#### TO DO
Set down word for word each line from the one containing "Freestanding cutout sign" through the end of the records, both included. Do not copy any pictures.

#### STORED DATA
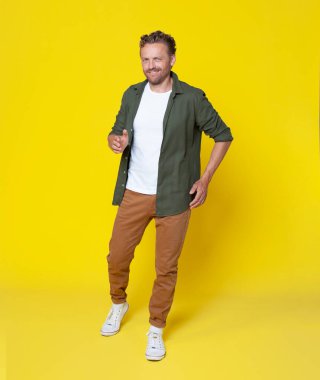 Full length body size image of man wearing casual outfit walking and smiling isolated on yellow color background. Handsome man dancing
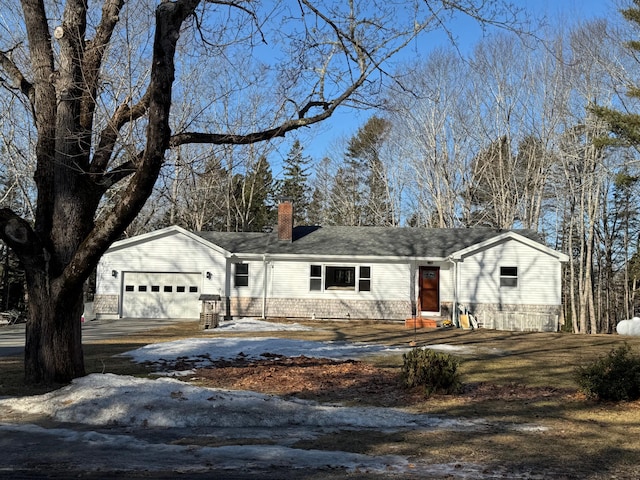 single story home with a garage, driveway, and a chimney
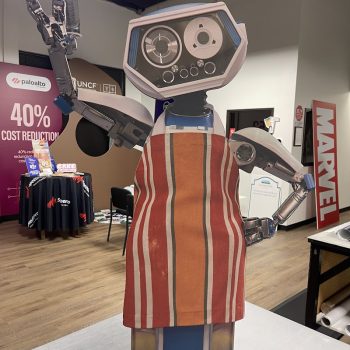 Freestanding cutout sign of a robot wearing an apron displayed indoors in San Diego, CA.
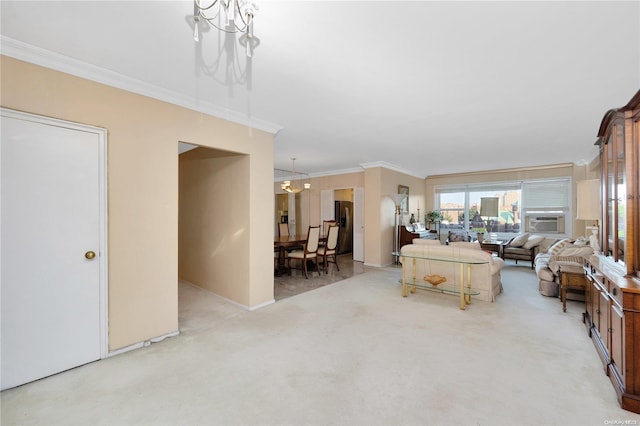 living room with light colored carpet, an inviting chandelier, cooling unit, and ornamental molding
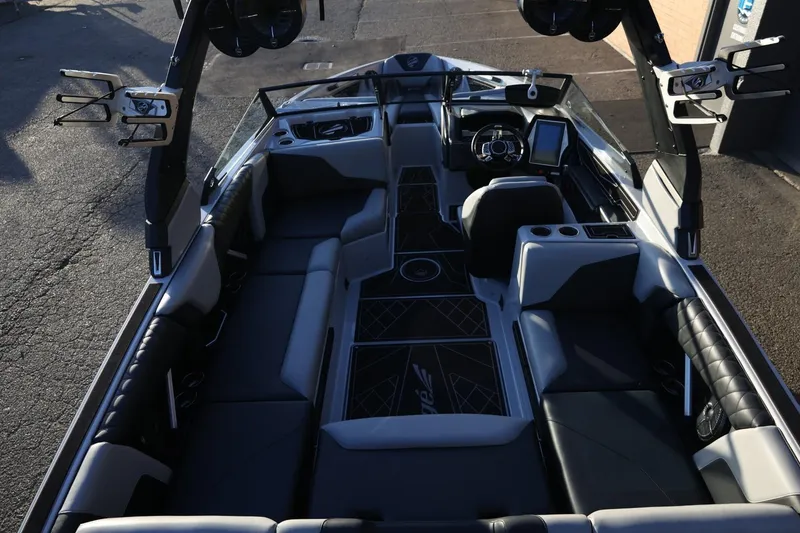 Slide: The Image of 2022 Tigé Z3 boat interior with sleek seating and modern dashboard design. - 20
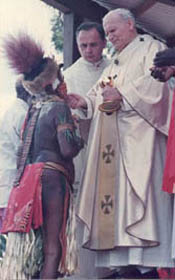 Saint Wojtyla gives communion to semi nude natives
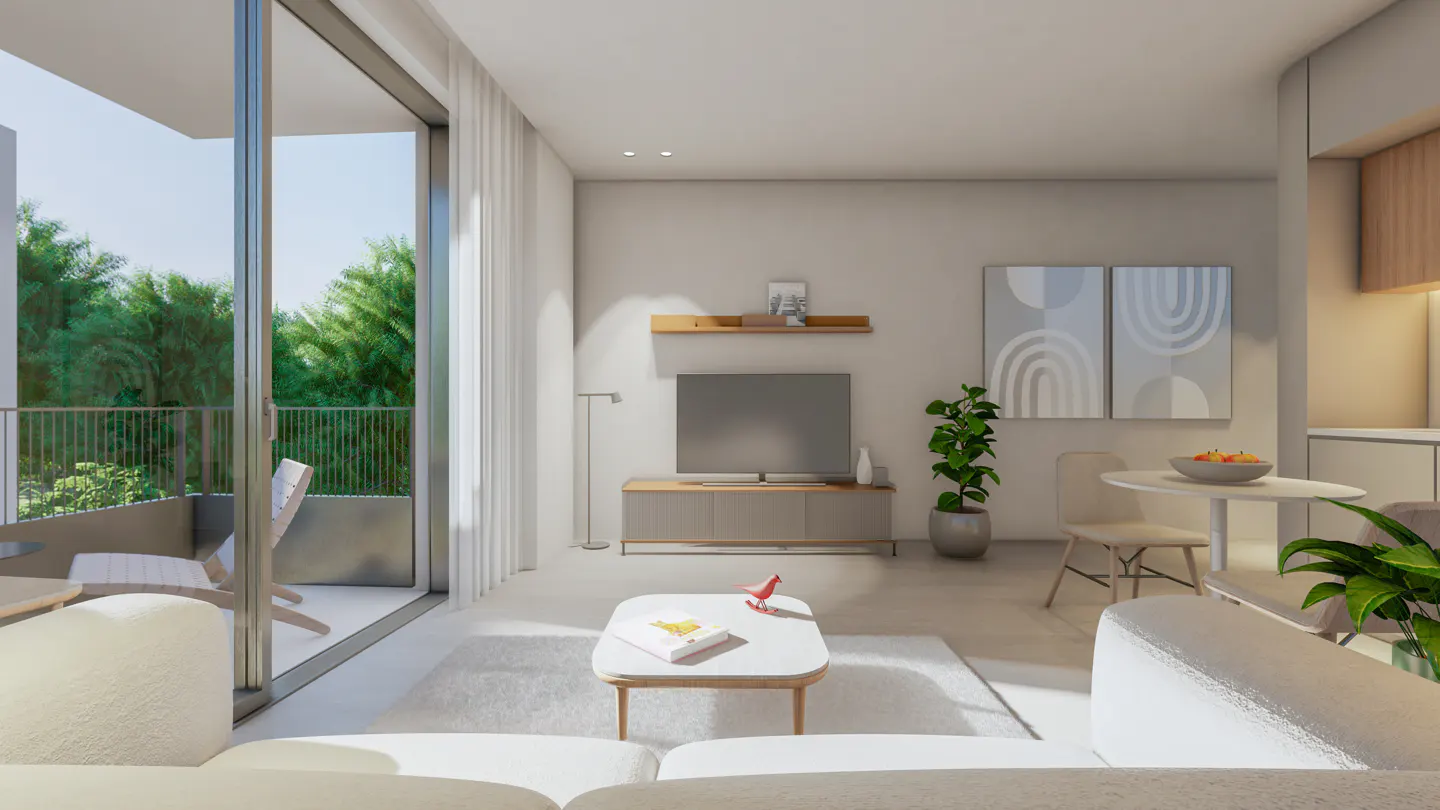 Bright living room with white sofa, TV, and balcony view of green trees. A white coffee table has a book and red bird figurine.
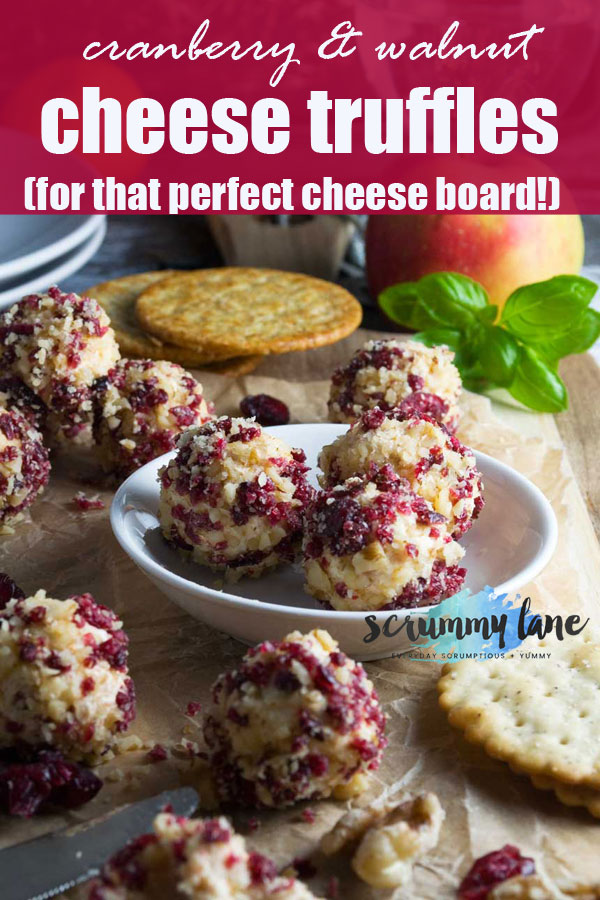 cheese truffles with cranberries and walnuts on a cheese board for Pinterest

#### YOUR RESPONSE
 Freestanding cutout sign of a robot wearing an apron displayed indoors in San Diego, CA.
 living room with light colored carpet, an inviting chandelier, cooling unit, and ornamental molding
 Slide: The Image of 2022 Tigé Z3 boat interior with sleek seating and modern dashboard design. - 20
 Saint Wojtyla gives communion to semi nude natives
 Bright living room with white sofa, TV, and balcony view of green trees. A white coffee table has a book and red bird figurine.
 cheese truffles with cranberries and walnuts on a cheese board for Pinterest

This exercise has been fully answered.